The place has potential to yield information that will contribute to an understanding of the cultural or natural history of New South Wales.

The silo and chaff cutting area demonstrates the technological shift to improved pasture and all year round nutrient supply for dairy herds. The Illawarra region was quick to invest in improved breeding and feeding of Dairy Herds and the Lindsay family, owners of Horsley, pioneered these techniques in the district. The site has evolved throughout the 19th and early 20th centuries and demonstrates building techniques employed during that time. The site has been occupied since 1818 and remains relatively undisturbed. It is considered to have high archaeological potential.

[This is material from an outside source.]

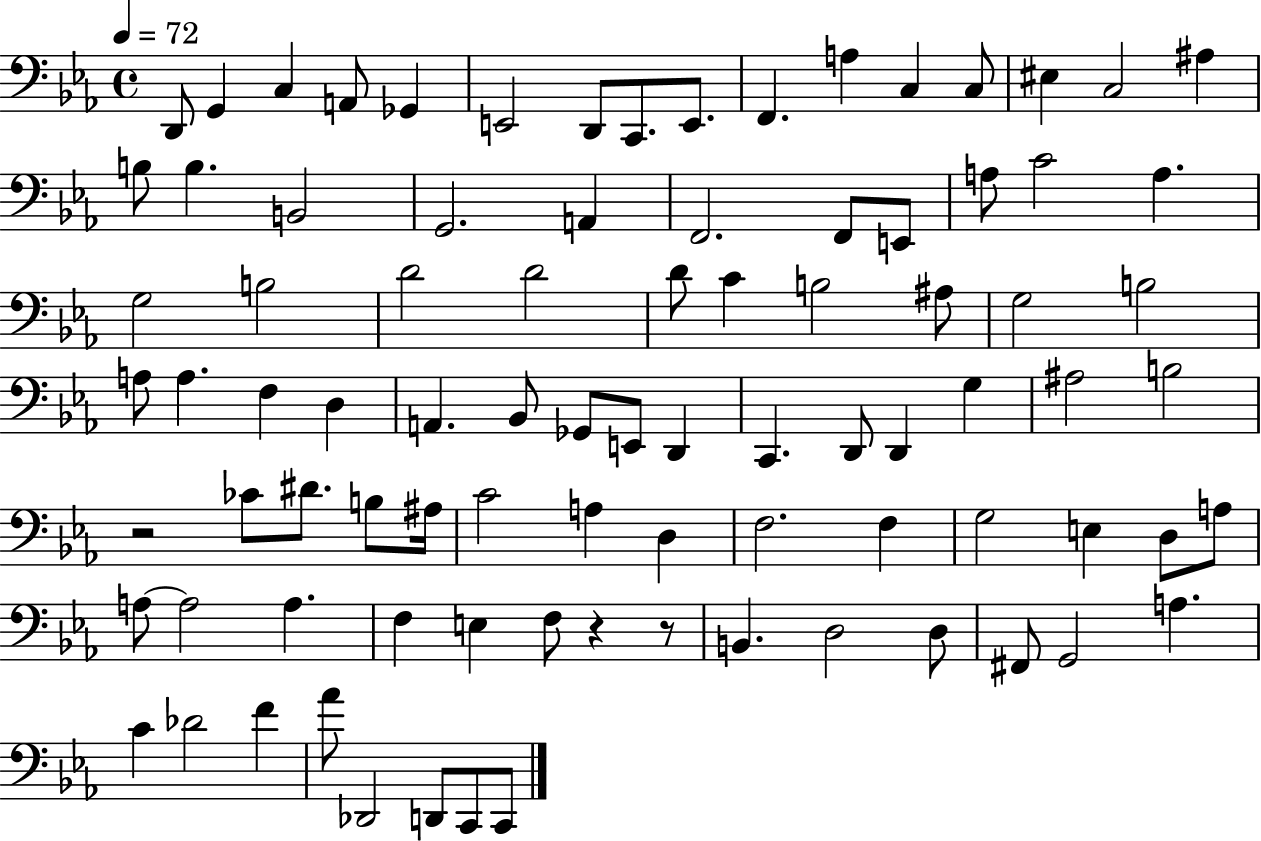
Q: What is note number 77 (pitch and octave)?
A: A3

The place possesses uncommon, rare or endangered aspects of the cultural or natural history of New South Wales.

Horsley remains as a rare, substantially intact complex of 19th century dairy farm buildings with significant landscape elements, in central Illawarra, which was a major dairying region until the mid 1900s. The property retains rare examples of dairy related structures including an early reinforced concrete silo, cow shed with tethering fixtures, 19th century stone stable with timber stalls and brick dairy (creamery).

The place is important in demonstrating the principal characteristics of a class of cultural or natural places/environments in New South Wales.

The site represents the 19th century dairying practises through the building materials, construction techniques and location of the structures within the landscape. The major landscape elements including the Bunya Bunya Pine, Tecoma hedge and natural round gate posts within the site and the row of Morton Bay Fig trees adjoining the site, now in different ownership, represent plants and features used in major 19th century gardens in Illawarra and other rural areas.